Reporting 2021

The logistics architects

BLG LOGISTICS is a master of automated logistics, delivers custom solutions to meet individual requirements and is not satisfied until the customer is. Four examples show what this means in practice.

“Every company has its own challenges and goals. This is why what is needed is a custom-fit concept.”

Thomas Krüger, Managing Director of BLG Handelslogistik GmbH & Co. KG

Textiles, food, household items or electronics: Today we order countless goods online without giving it a second thought. Since the turn of the millennium, e-commerce has exploded, and the coronavirus pandemic has further fueled the trend. According to the German E Commerce and Mail Order Association, e-commerce sales in Germany alone have more than doubled since 2015 from around 47 billion euros to 99 billion euros in 2021. An end to the journey is not in sight.

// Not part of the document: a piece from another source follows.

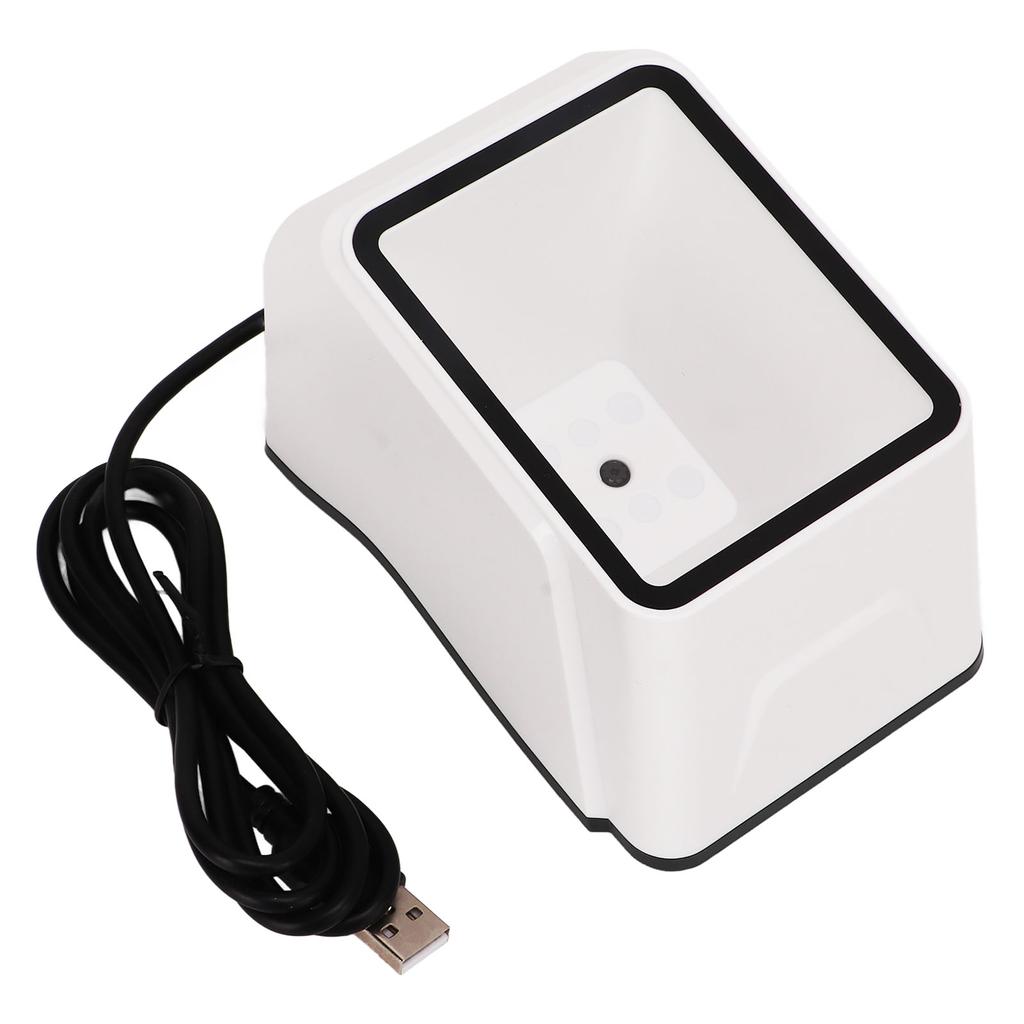 Barcode Scanner 1D 2D Ultra Decoding Quick Response Automatic QR Scanner for Mobile Payment White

“More and more companies want and need to shift up a gear when it comes to this topic,” says Thomas Krüger, Managing Director of BLG Handelslogistik. Modern, highly automated logistics that flexibly dovetails the requirements of e-commerce and the various forms of bricks-and-mortar retailing is high on the wish list of many customers. But implementing this is complicated, and fraught with obstacles. Warehouse space, for example, is increasingly scarce and therefore expensive, it’s difficult to find and retain good staff, and outdated ERP and IT systems hinder rapid change.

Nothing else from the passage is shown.